Introduction
Linux cluster is a group of Linux computers or nodes, storage devices that work together and are managed as a single system. A traditional clustering configuration has two nodes that are connected to shared storage (typically a SAN). With Linux clustering, an application is run on one node, and clustering software is used to monitor its operation.
A Linux cluster provides faster processing speed, larger storage capacity, better data integrity, greater reliability and wider availability of resources.
Failover
Failover is a process. Whenever a primary system, network or a database fails or is abnormally terminated, then a Failover acts as a standby which helps resume these operations.
Failover Cluster
Failover cluster is a set of servers that work together to provide High Availability (HA) or Continuous availability (CA). As mentioned earlier, if one of the servers goes down another node in the cluster can take over its workload with minimal or no downtime. Some failover clusters use physical servers whereas others involve virtual machines (VMs).

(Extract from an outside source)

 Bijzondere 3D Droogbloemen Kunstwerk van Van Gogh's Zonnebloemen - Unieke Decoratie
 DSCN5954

CA clusters allow users to access and work on the services and applications without any incidence of timeouts (100% availability), in case of a server failure. HA clusters, on the other hand, may cause a short hiatus in the service, but system recovers automatically with minimum downtime and no data loss.
A cluster is a set of two or more nodes (servers) that transmit data for processing through cables or a dedicated secure network. Even load balancing, storage or concurrent/parallel processing is possible through other clustering technologies.

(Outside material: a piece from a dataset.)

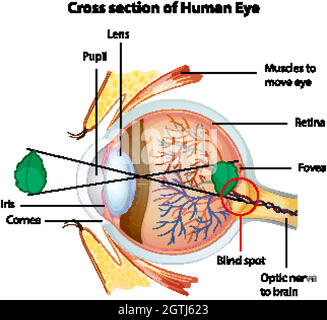 Schéma illustrant la coupe transversale de l'œil humain Illustration de Vecteur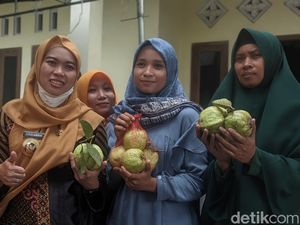 Jambu Kristal Jadi Primadona, Petani Demak Kewalahan Penuhi Permintaan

If you look at the above image, Node 1 and Node 2 have common shared storage. Whenever one node goes down, the other one will pick up from there. These two nodes have one virtual IP that all other clients connect to.
Let us take a look at the two failover clusters, namely High Availability Failover Clusters and Continuous Availability Failover Clusters.
High Availability Failover Clusters
In case of High AVailability Failover Clusters, a set of servers share data and resources in the system. All the nodes have access to the shared storage.
High availability clusters also include a monitoring connection that servers use to check the “heartbeat” or health of the other servers. At any time, at least one of the nodes in a cluster is active, while at least one is passive.
Continuous Availability Failover Clusters
This system consists of multiple systems that share a single copy of a computer’s operating system. Software commands issued by one system are also executed on the other systems. In case of a failover, the user can check critical data in a transaction.
There are a few Failover Cluster types like Linux Server Failover Cluster (WSFC), VMware Failover Clusters, SQL Server Failover Clusters, and Red Hat Linux Failover Clusters.
Pre-Requisites
- OpsRamp Classic Gateway 11.0 and above (or) OpsRamp Cluster gateway
- Ensure that “adapter integrations'' addon is enabled in client configuration. Once enabled you can see Linux Fail-over Cluster integration under Setup -> Integrations -> Adapter section.
- Credentials : root / non-root privileges with a member of “haclient” group.
- Cluster management: Pacemaker.
- Accessibility: All nodes within a cluster should be accessible by a single credential set.
- For non-root users: Update “~/.bashrc” file with “pcs” command path across all cluster nodes.
Ex: export PATH=$PATH:/usr/sbin -> as a new line in ~/.bashrc file.
RGManager(Non-Pacemaker)
Pre-Requisites
- Credentials : should provide access to both root and non-root users.
- Cluster management: RGManager
- Accessibility: All the nodes within a cluster should be accessible by a single credential set.
- For non-root users: Update the following commands in “etc/sudoers” file to provide access for non-root users to execute these commands.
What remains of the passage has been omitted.